Календарь показывал 17 июля. Не верилось. Чуянов ответил:
– Что за бред сивой кобылы? Быть того не может, чтобы в такой напряженный момент и… Кто распорядился?
– Ставка Верховного Главнокомандования.
«Если сама Ставка, значит, скоро всем нам амба…»
– А кто – конкретнее? – спросил Чуянов, еще сомневаясь.
– Генерал Ефим Щаденко… герой известный.
Алексей Семенович ощутил небывалую растерянность.
– Неужели, – спросил, – наше положение в Сталинграде и впрямь столь тяжелое? А как отнесется к вашему отъезду городское население? Люди-то ведь не дураки, они поймут ваше бегство на свой лад – значит, город будет сдан…
Опасения подтвердились.

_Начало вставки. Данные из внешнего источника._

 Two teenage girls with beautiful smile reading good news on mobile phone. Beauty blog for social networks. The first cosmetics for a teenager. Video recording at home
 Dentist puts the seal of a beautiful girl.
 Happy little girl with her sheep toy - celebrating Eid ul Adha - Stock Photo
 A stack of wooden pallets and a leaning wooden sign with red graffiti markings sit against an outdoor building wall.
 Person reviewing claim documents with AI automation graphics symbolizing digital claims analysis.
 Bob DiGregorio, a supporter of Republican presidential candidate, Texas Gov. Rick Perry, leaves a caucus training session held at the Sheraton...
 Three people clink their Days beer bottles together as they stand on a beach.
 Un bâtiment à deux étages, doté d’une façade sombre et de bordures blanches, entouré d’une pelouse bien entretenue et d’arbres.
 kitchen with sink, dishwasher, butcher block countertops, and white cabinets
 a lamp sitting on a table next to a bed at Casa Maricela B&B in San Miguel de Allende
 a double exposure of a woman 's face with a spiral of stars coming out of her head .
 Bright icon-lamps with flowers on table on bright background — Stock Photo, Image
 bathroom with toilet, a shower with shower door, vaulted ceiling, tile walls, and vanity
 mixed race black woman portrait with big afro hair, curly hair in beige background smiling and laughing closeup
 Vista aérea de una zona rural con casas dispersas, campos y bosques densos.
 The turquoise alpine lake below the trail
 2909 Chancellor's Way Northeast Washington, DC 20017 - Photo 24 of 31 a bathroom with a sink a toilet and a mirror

Когда штаб округа (с чемоданами и семьями) грузился на пароход, пристань заполнили толпы жителей, слышались возгласы – негодующие, озлобленные:
– Во, паразиты проклятые! Привыкли бегать.
– Мурло-то себе разъели, берегут свои шкуры.
– Мы ж их кормили, одевали – думали: вот защитники!
– Всю жисть налоги с нас драли на армию, а они…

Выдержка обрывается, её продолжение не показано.